» RECORDED INFORMATION:
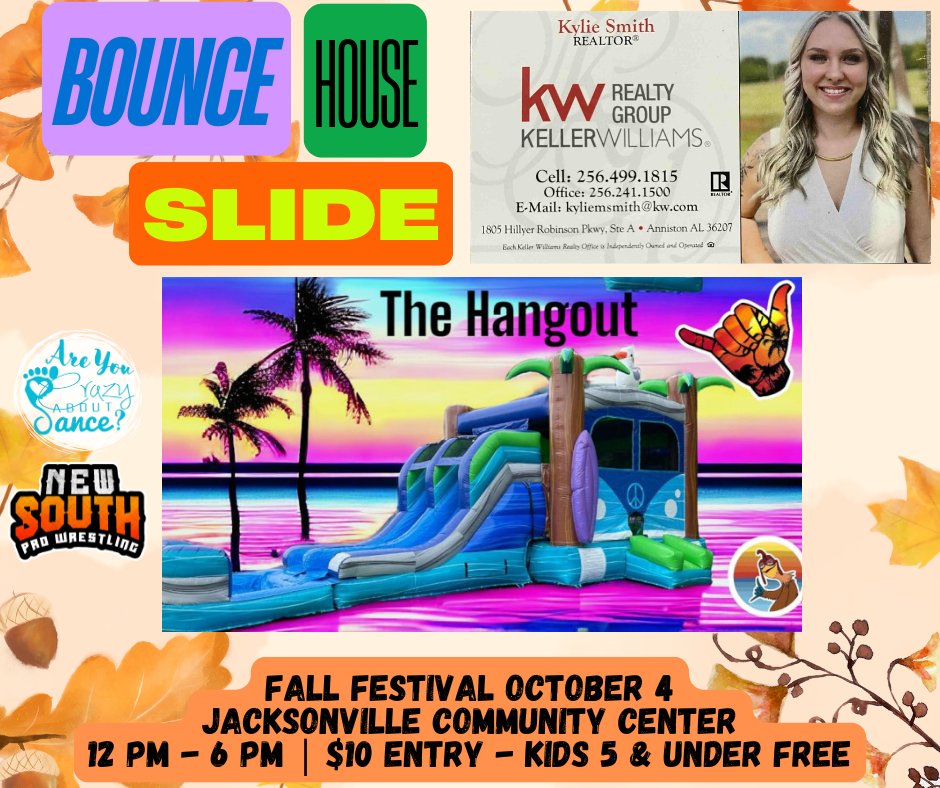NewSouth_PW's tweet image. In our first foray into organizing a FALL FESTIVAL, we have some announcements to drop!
---
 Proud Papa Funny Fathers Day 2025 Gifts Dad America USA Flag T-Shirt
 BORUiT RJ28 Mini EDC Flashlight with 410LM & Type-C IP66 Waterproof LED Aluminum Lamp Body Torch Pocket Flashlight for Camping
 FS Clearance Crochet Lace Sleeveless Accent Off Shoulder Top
---
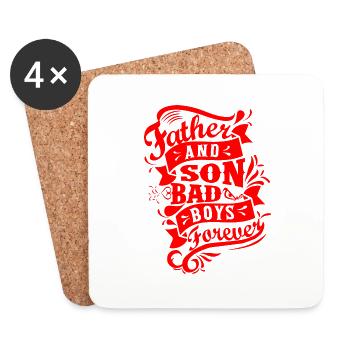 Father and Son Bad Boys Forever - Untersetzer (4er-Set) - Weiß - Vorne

» YOUR GOAL:
Within the material above, the line with "BORUiT RJ28 Mini" opens the range and the line with "FS Clearance Crochet" closes it; reproduce that range word for word.

» TASK OUTPUT:
 BORUiT RJ28 Mini EDC Flashlight with 410LM & Type-C IP66 Waterproof LED Aluminum Lamp Body Torch Pocket Flashlight for Camping
 FS Clearance Crochet Lace Sleeveless Accent Off Shoulder Top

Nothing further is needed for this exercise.